(Beginning of Given information)

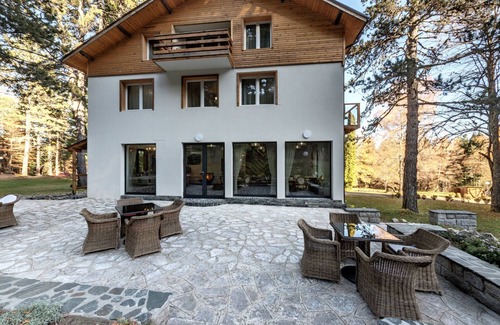 Razlog Ski Chalet | Elegant Chalet in Private Pine Park at Pirin Mountain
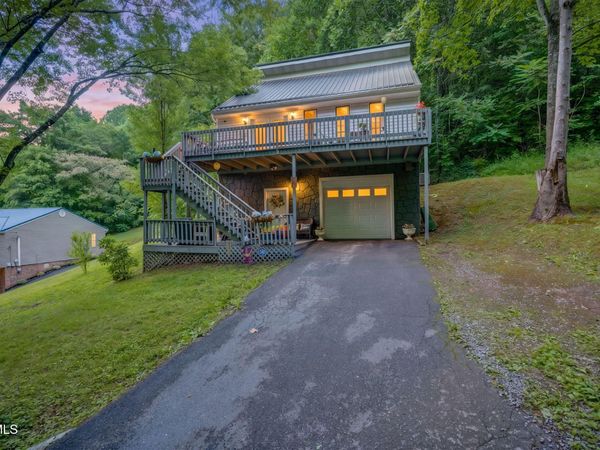 133 Admiral Avenue, Elizabethton, TN 37643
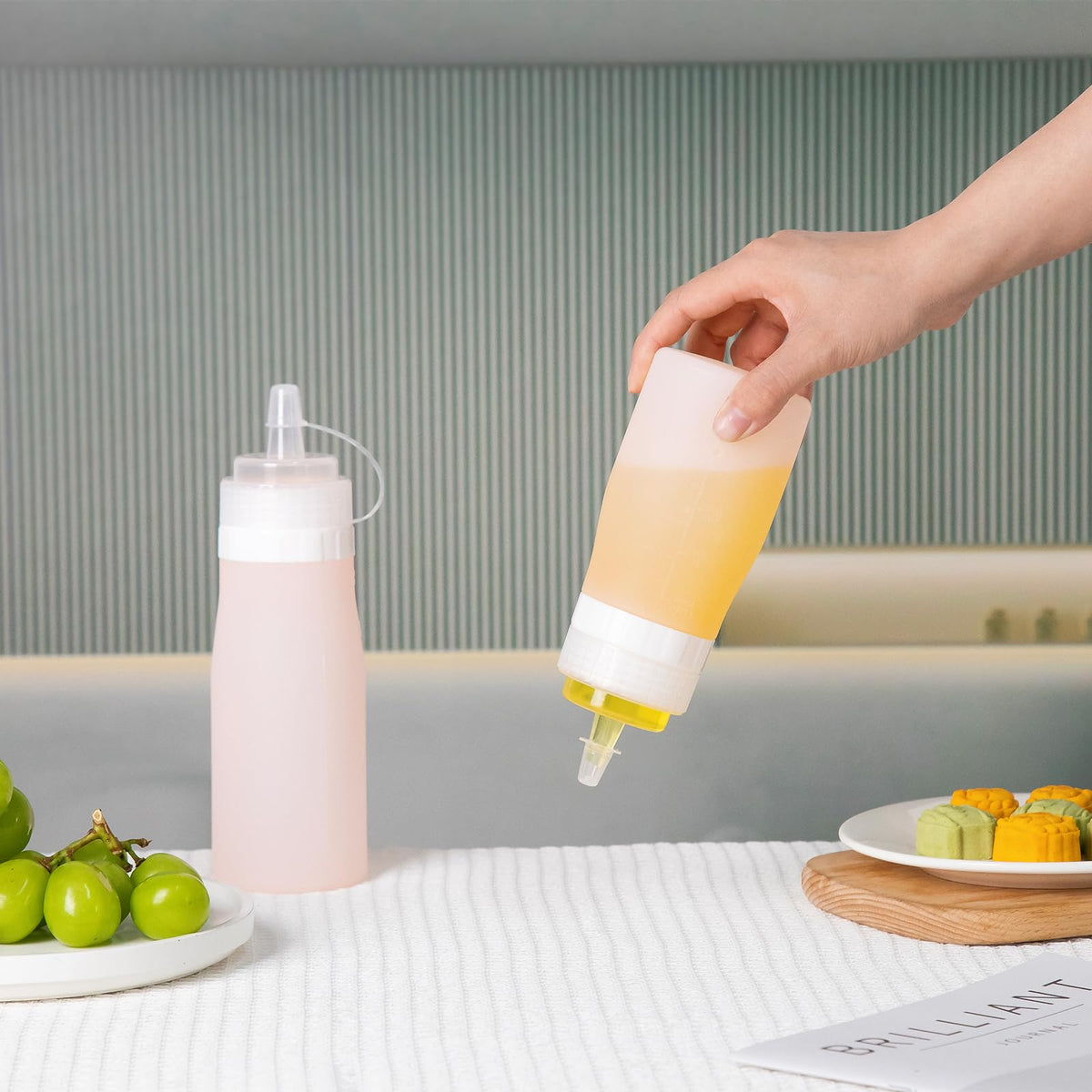 Mrsdry leak-proof cap prevents drips and keeps surfaces clean.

(End of Given information)

Required action
The output has to match the data above line for line, except that pictures are dropped.

Your response
 Razlog Ski Chalet | Elegant Chalet in Private Pine Park at Pirin Mountain
 133 Admiral Avenue, Elizabethton, TN 37643
 Mrsdry leak-proof cap prevents drips and keeps surfaces clean.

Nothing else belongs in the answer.